>>>

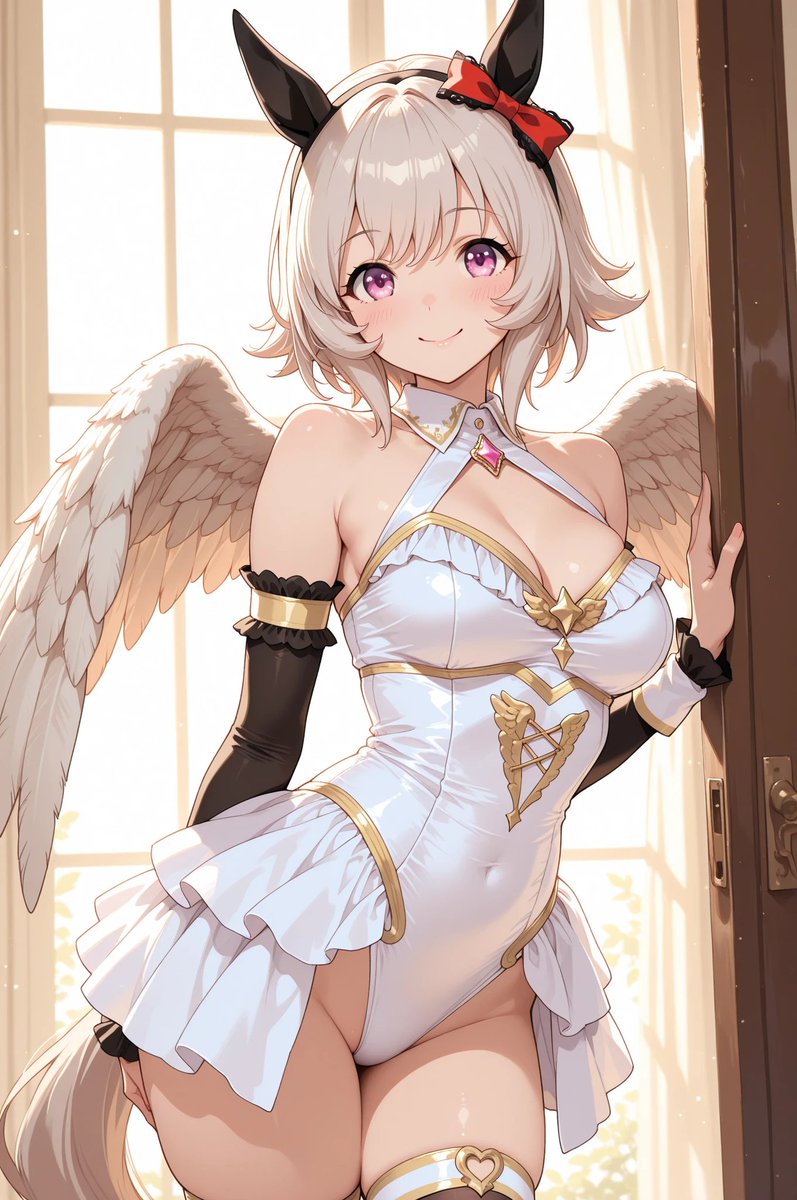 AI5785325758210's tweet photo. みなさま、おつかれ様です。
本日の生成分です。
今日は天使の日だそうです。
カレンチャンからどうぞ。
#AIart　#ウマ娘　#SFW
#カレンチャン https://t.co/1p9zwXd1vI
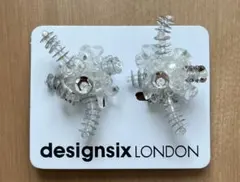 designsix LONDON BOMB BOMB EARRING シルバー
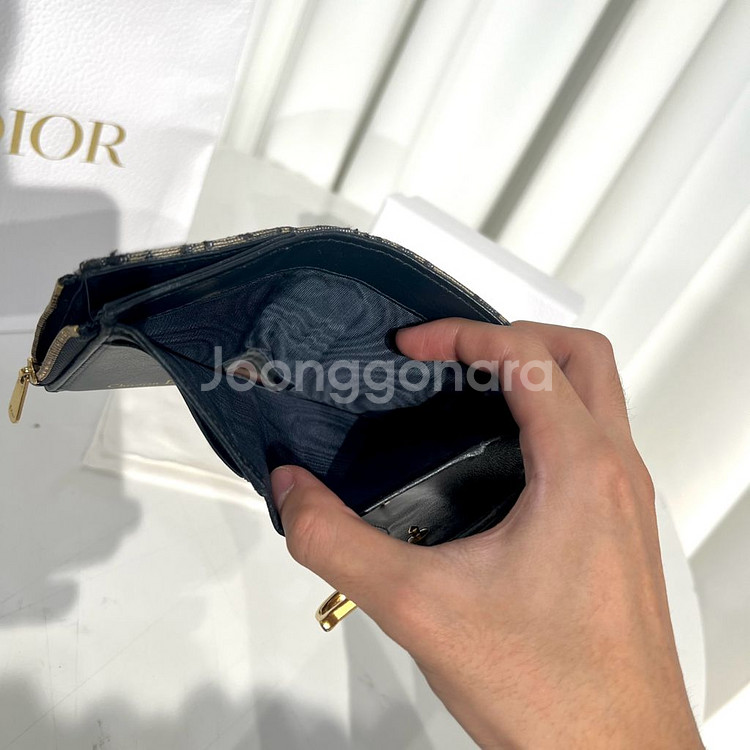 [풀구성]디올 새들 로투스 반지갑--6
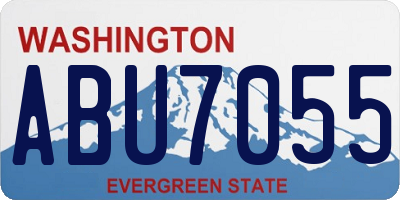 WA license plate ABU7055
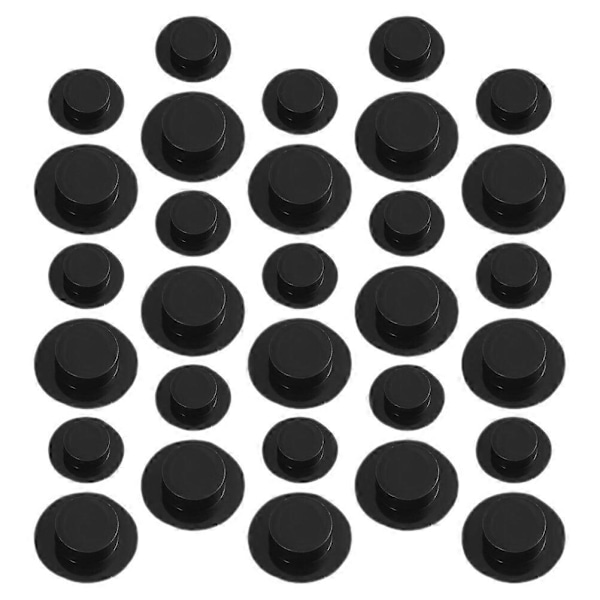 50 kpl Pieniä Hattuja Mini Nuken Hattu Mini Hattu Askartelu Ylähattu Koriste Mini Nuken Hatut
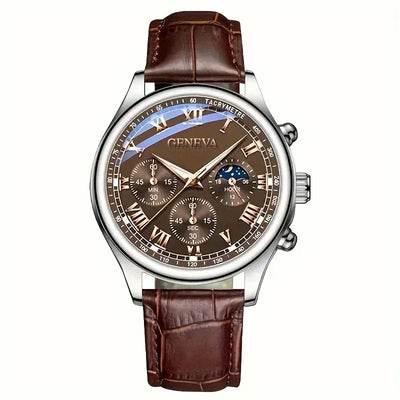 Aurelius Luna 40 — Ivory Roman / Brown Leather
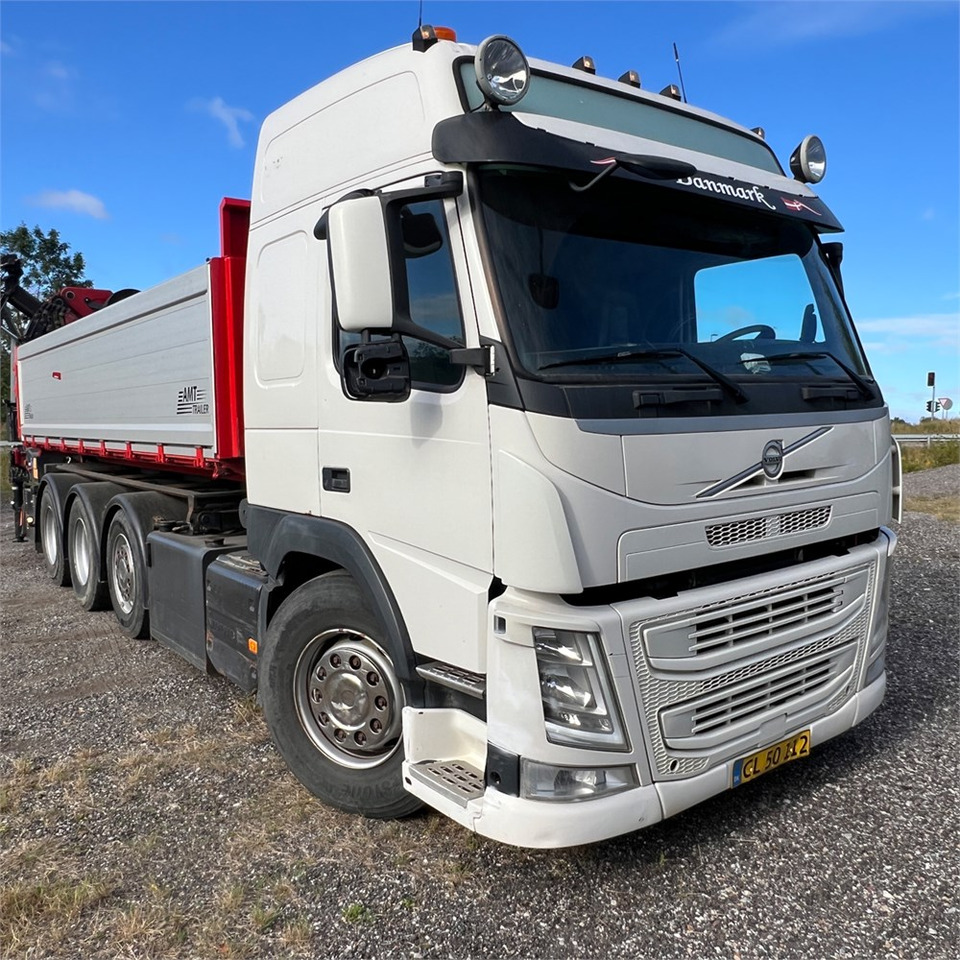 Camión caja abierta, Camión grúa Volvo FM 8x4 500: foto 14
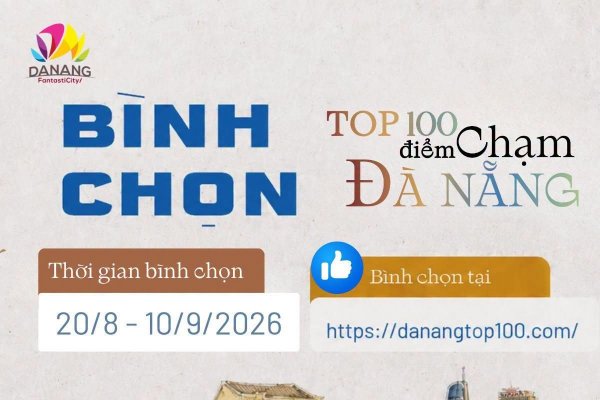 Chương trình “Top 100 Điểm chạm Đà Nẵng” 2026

<<<
>>>

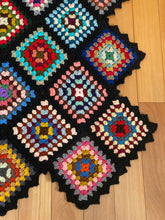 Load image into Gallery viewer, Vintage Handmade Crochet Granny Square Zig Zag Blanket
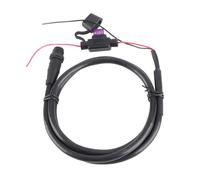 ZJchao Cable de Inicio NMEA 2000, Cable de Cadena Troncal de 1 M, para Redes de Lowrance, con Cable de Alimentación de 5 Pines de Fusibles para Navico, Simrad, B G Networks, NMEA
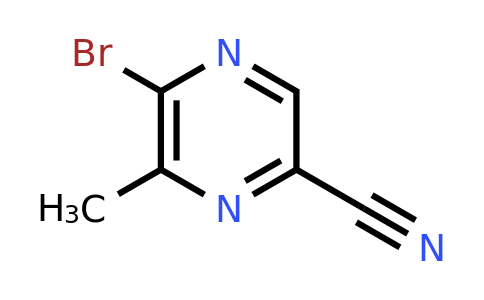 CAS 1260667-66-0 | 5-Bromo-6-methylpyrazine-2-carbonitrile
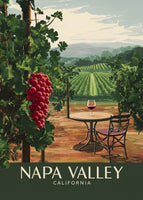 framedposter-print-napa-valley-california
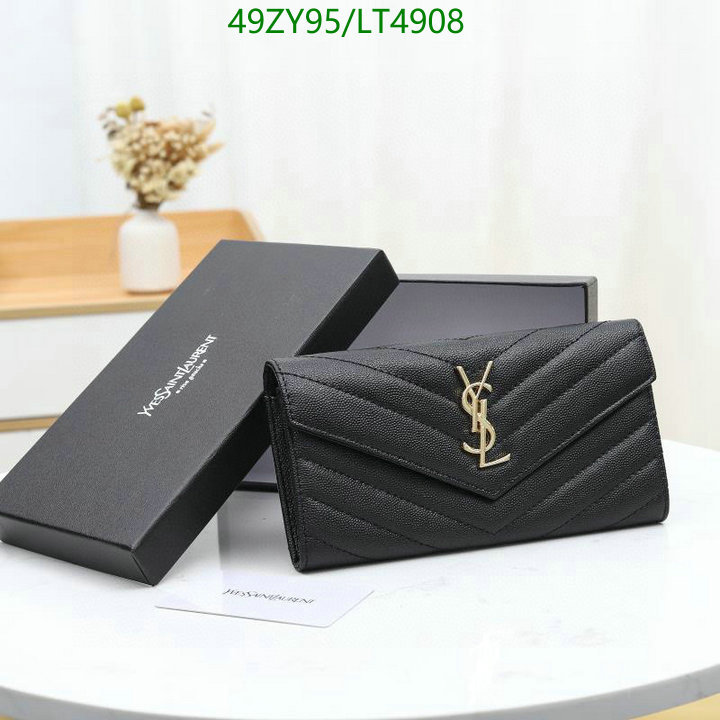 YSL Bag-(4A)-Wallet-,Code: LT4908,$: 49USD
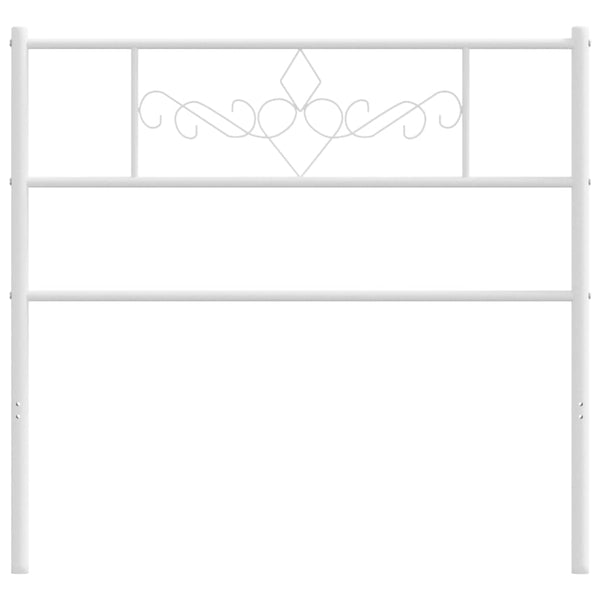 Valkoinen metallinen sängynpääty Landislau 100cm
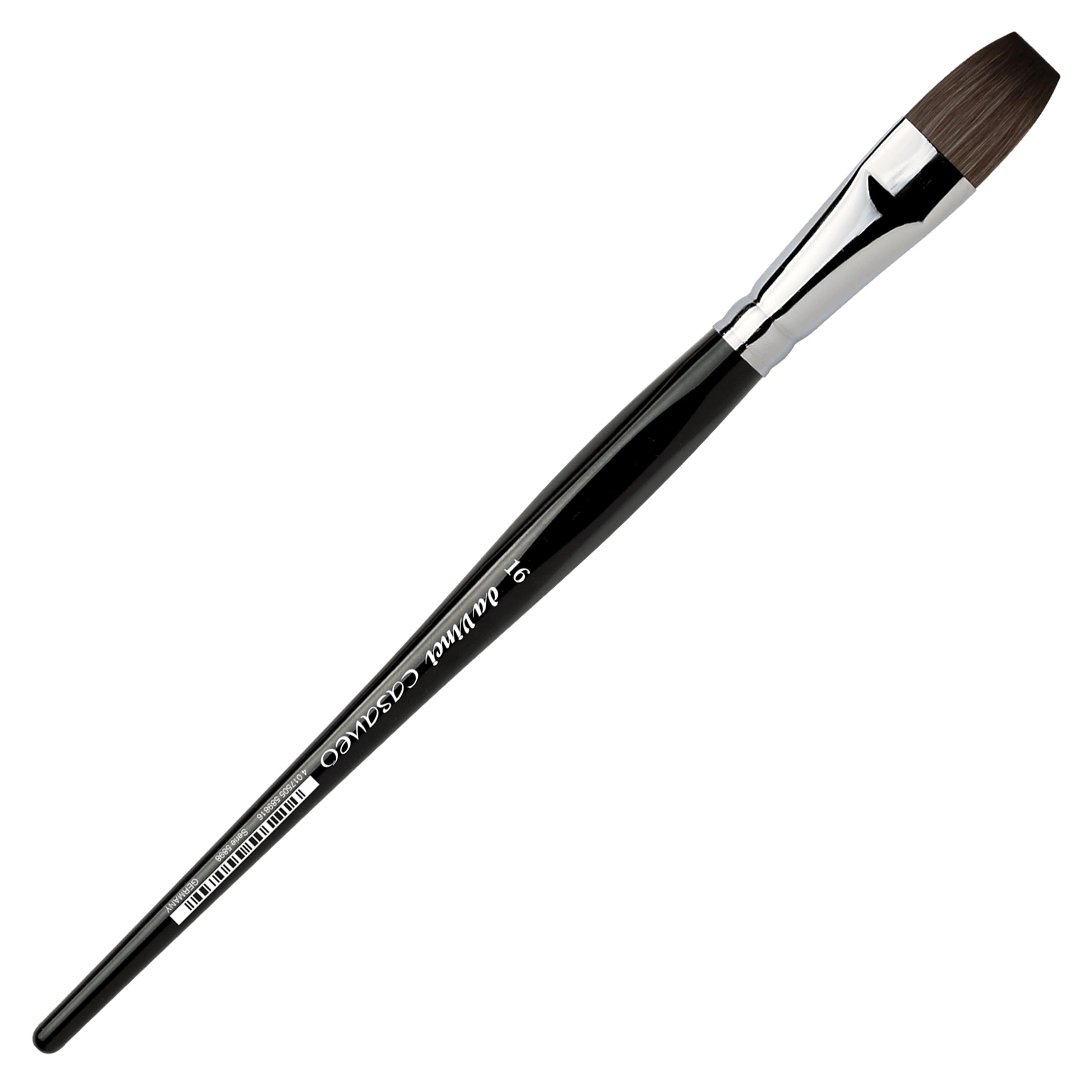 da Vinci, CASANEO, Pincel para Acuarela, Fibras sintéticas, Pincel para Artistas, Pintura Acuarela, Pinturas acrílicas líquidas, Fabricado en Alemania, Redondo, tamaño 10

<<<

> [EXERCISE DIRECTIONS] In the material above, which lines fall between the one holding "50 kpl Pieniä" and the one holding "100 Điểm chạm", inclusive? Print exactly those, with the pictures left out.

> [TASK SOLUTION]
 50 kpl Pieniä Hattuja Mini Nuken Hattu Mini Hattu Askartelu Ylähattu Koriste Mini Nuken Hatut
 Aurelius Luna 40 — Ivory Roman / Brown Leather
 Camión caja abierta, Camión grúa Volvo FM 8x4 500: foto 14
 Chương trình “Top 100 Điểm chạm Đà Nẵng” 2026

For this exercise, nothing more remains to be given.